▶ What this task involves
Repeat exactly, and only, the lines from the one holding "Герметичная форма для" through the last line of the records below.

(Stored data entries)
-- Opening Marker --

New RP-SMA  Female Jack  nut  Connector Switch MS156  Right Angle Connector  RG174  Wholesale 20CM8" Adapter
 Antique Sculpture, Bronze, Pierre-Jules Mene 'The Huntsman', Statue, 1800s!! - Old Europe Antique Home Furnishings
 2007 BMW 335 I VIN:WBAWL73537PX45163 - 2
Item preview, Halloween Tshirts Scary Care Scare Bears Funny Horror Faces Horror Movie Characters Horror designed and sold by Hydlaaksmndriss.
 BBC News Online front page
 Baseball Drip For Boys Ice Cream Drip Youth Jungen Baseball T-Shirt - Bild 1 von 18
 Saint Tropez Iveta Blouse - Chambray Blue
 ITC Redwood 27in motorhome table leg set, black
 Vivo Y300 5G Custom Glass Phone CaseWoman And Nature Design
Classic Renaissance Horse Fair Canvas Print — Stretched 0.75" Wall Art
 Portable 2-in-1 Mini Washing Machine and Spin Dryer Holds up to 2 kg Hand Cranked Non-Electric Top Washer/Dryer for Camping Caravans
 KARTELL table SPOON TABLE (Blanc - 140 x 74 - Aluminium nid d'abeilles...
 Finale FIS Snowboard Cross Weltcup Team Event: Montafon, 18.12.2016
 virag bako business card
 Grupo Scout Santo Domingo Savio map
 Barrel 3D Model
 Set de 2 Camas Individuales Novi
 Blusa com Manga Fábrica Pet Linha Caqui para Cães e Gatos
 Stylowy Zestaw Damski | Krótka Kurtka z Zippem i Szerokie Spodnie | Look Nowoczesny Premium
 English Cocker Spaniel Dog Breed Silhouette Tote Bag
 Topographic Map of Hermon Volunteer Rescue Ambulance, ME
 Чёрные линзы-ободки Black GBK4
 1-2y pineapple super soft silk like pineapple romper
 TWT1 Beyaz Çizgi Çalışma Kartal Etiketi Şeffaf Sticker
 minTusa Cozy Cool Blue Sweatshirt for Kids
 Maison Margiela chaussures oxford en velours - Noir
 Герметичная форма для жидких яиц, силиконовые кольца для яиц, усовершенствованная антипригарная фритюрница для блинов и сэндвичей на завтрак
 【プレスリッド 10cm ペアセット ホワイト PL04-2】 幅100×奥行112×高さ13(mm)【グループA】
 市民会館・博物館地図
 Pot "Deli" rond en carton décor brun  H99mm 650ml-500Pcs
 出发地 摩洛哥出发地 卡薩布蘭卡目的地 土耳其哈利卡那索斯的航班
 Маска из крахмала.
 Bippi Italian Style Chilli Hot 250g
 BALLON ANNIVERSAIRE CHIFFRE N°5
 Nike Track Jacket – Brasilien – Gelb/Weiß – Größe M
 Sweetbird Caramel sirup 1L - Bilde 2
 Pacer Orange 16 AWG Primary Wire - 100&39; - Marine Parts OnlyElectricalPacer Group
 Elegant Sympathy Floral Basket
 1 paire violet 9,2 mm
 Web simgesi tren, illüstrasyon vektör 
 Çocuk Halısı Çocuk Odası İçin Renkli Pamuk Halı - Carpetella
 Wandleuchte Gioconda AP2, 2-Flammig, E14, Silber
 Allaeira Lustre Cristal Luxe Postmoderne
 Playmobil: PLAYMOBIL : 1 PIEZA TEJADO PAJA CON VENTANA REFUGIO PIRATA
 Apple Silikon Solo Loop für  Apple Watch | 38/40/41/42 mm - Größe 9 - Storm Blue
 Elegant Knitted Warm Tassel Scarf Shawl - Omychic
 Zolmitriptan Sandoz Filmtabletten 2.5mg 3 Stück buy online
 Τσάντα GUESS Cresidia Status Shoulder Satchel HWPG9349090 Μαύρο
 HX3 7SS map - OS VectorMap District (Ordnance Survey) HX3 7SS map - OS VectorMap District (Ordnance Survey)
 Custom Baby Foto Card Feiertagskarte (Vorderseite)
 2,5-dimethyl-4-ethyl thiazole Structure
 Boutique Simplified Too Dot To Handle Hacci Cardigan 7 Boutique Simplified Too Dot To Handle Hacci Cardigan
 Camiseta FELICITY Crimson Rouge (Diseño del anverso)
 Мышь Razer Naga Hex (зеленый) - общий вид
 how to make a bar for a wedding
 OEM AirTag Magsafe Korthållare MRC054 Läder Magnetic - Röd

-- Closing Marker --

▶ Problem solution
 Герметичная форма для жидких яиц, силиконовые кольца для яиц, усовершенствованная антипригарная фритюрница для блинов и сэндвичей на завтрак
 【プレスリッド 10cm ペアセット ホワイト PL04-2】 幅100×奥行112×高さ13(mm)【グループA】
 市民会館・博物館地図
 Pot "Deli" rond en carton décor brun  H99mm 650ml-500Pcs
 出发地 摩洛哥出发地 卡薩布蘭卡目的地 土耳其哈利卡那索斯的航班
 Маска из крахмала.
 Bippi Italian Style Chilli Hot 250g
 BALLON ANNIVERSAIRE CHIFFRE N°5
 Nike Track Jacket – Brasilien – Gelb/Weiß – Größe M
 Sweetbird Caramel sirup 1L - Bilde 2
 Pacer Orange 16 AWG Primary Wire - 100&39; - Marine Parts OnlyElectricalPacer Group
 Elegant Sympathy Floral Basket
 1 paire violet 9,2 mm
 Web simgesi tren, illüstrasyon vektör 
 Çocuk Halısı Çocuk Odası İçin Renkli Pamuk Halı - Carpetella
 Wandleuchte Gioconda AP2, 2-Flammig, E14, Silber
 Allaeira Lustre Cristal Luxe Postmoderne
 Playmobil: PLAYMOBIL : 1 PIEZA TEJADO PAJA CON VENTANA REFUGIO PIRATA
 Apple Silikon Solo Loop für  Apple Watch | 38/40/41/42 mm - Größe 9 - Storm Blue
 Elegant Knitted Warm Tassel Scarf Shawl - Omychic
 Zolmitriptan Sandoz Filmtabletten 2.5mg 3 Stück buy online
 Τσάντα GUESS Cresidia Status Shoulder Satchel HWPG9349090 Μαύρο
 HX3 7SS map - OS VectorMap District (Ordnance Survey) HX3 7SS map - OS VectorMap District (Ordnance Survey)
 Custom Baby Foto Card Feiertagskarte (Vorderseite)
 2,5-dimethyl-4-ethyl thiazole Structure
 Boutique Simplified Too Dot To Handle Hacci Cardigan 7 Boutique Simplified Too Dot To Handle Hacci Cardigan
 Camiseta FELICITY Crimson Rouge (Diseño del anverso)
 Мышь Razer Naga Hex (зеленый) - общий вид
 how to make a bar for a wedding
 OEM AirTag Magsafe Korthållare MRC054 Läder Magnetic - Röd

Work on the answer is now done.